__AIM OF THE EXERCISE__
Exactly the lines from the one containing "Photo hockey Coupe" through the one containing "new 2025 Chevrolet" in the listing below are to be copied, with the pictures left out.

__DATA FOR PROCESSING__
◇ ◇ ◇ ◇ ◇ ◇ ◇
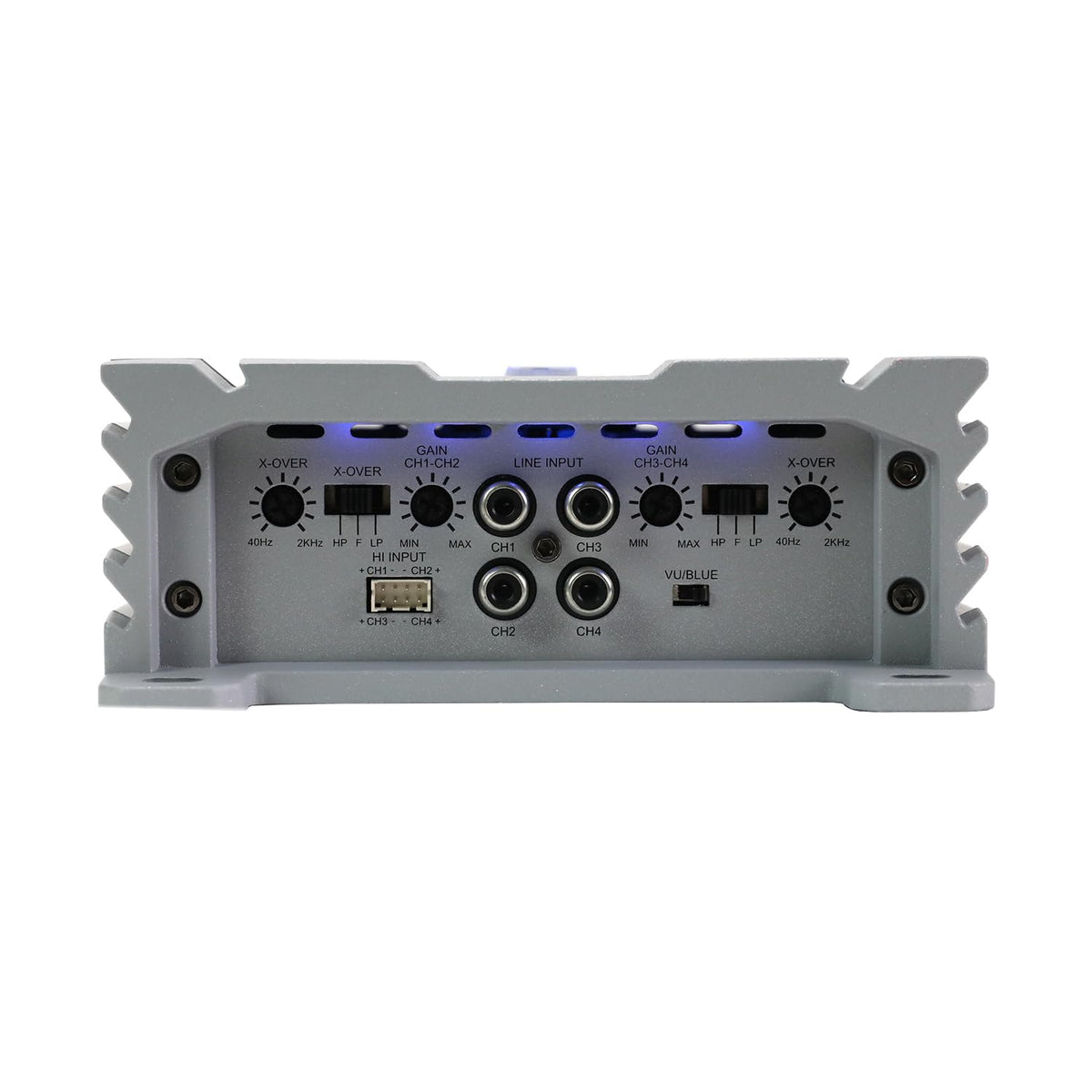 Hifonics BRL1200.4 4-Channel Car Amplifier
◇ ◇ ◇ ◇ ◇ ◇ ◇
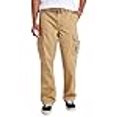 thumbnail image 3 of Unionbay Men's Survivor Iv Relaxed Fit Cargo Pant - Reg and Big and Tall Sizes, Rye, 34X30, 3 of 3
◇ ◇ ◇ ◇ ◇ ◇ ◇
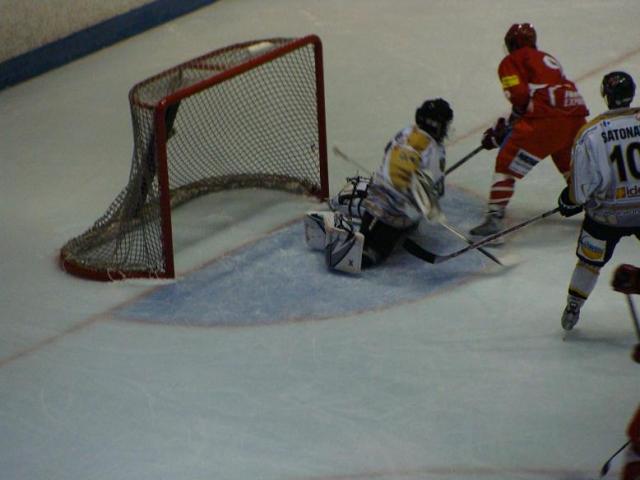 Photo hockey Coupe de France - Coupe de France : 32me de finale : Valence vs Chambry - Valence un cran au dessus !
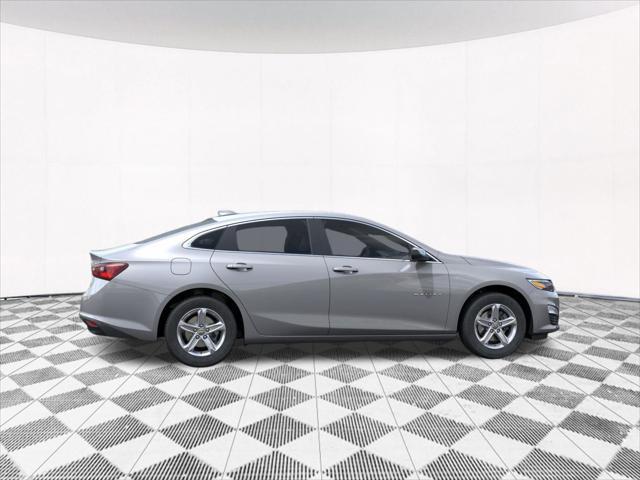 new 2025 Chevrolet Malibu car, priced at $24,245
◇ ◇ ◇ ◇ ◇ ◇ ◇
__TASK ANSWER__
 Photo hockey Coupe de France - Coupe de France : 32me de finale : Valence vs Chambry - Valence un cran au dessus !
 new 2025 Chevrolet Malibu car, priced at $24,245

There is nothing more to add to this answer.